Saturday, 22 March 2025

Signs of spring: lambs, daffodils, frogs croaking and fires on the moors. Book swap places.

 This morning I saw lambs, the first ones I’ve seen this year. Over the next few weeks the fields around here will be full of them. I also heard frogs in one of the millponds, no doubt busily doing what frogs do at this time of the year.



And there are daffodils. Spring must be here!



Along with the spring there are fires on the moors. Or at any rate there have been over the last few days. For the last month we’ve had surprisingly little rain and the peat moors around here are very dry as a result. One outbreak was only a couple of miles up the road from our house. Strangely we didn’t smell the smoke but Granddaughter Number One, who lives a good five miles away in another part of Oldham said she could smell it strongly! 







Fire engines have been running about all over the place.
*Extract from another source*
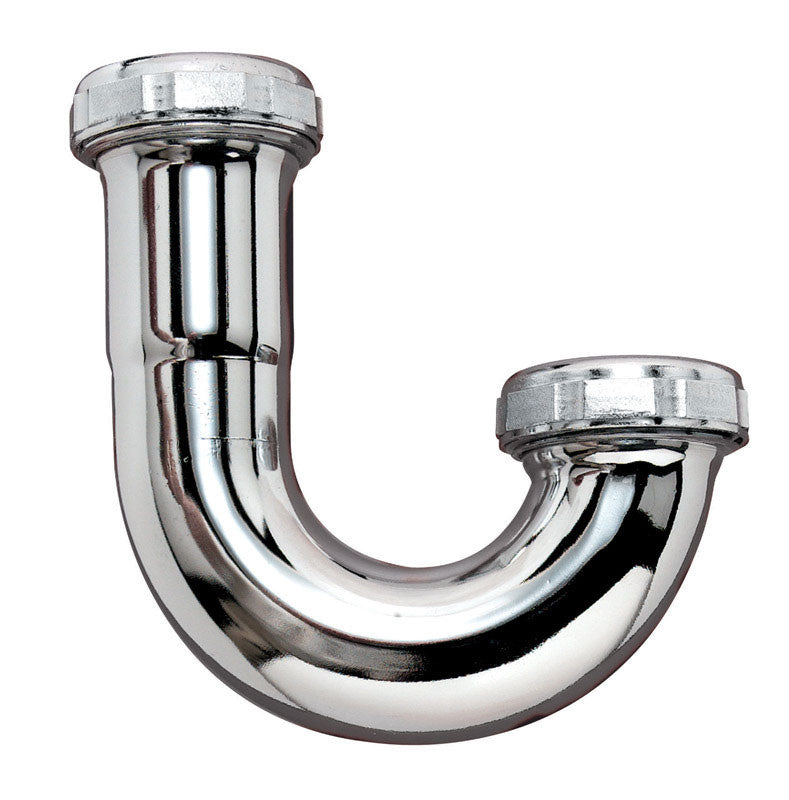 J BEND 20 GAUGE BRASS NICKEL 1-1/2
I saw one again this morning but going at normal traffic speed, not racing along with the siren blaring. 


One newspaper report suggested that at least one of the fires was caused by a “controlled burn that got out of hand” but later reports said that the fire brigade had not confirmed that. It used to be a regular thing at this time of year for farmers to set fire to the stubble left behind. The resulting ash was supposedly good for the soil in preparation for new planting. The trouble is that “controlled” is bot always the best way to describe setting light to a field in a peat area.  I thought that practice had been discredited but sometimes people stick to old habits. 


We had rain in the night, not a lot but more is forecast. Hopefully it has extinguished all the fires. In peat areas though fires have a tendency to appear to be extinguished but in reality continue to smoulder underground. Fingers crossed!


Walking around here, you come across old red phone boxes - no longer in use. It’s odd when we think back to how they were an essential part of our communication networks. Nowadays it seems many people no longer even have landlines. We still have one but only a very small number of people ever call us on it. Some of the old phone boxes are equipped with defibrillators. Others are decorated. And there are some I have heard of which act as mini libraries. 


Zoe Williams wrote in the Guardian recently lamenting the disappearance of an unofficial “book-swap” in her local tube station. You could drop off books at the entrance to the tube station and, presumably, help yourself to something interesting to read on the underground. Then the book-swap disappeared overnight - not just from that one tube station but lots of others with same system. One explanation is that since the King’s Cross fire, way back in 1987, it has been against fire-safety regulations to have combustible material in any part of a station. But that must have been forgotten if book-exchanges were re-introduced into underground stations. Forgotten no more! I’m tempted to blame my son as I know that he has been working on a project to make the stations safe and accessible to everyone! 


So it goes!


Life goes on. Stay safe and well, everyone!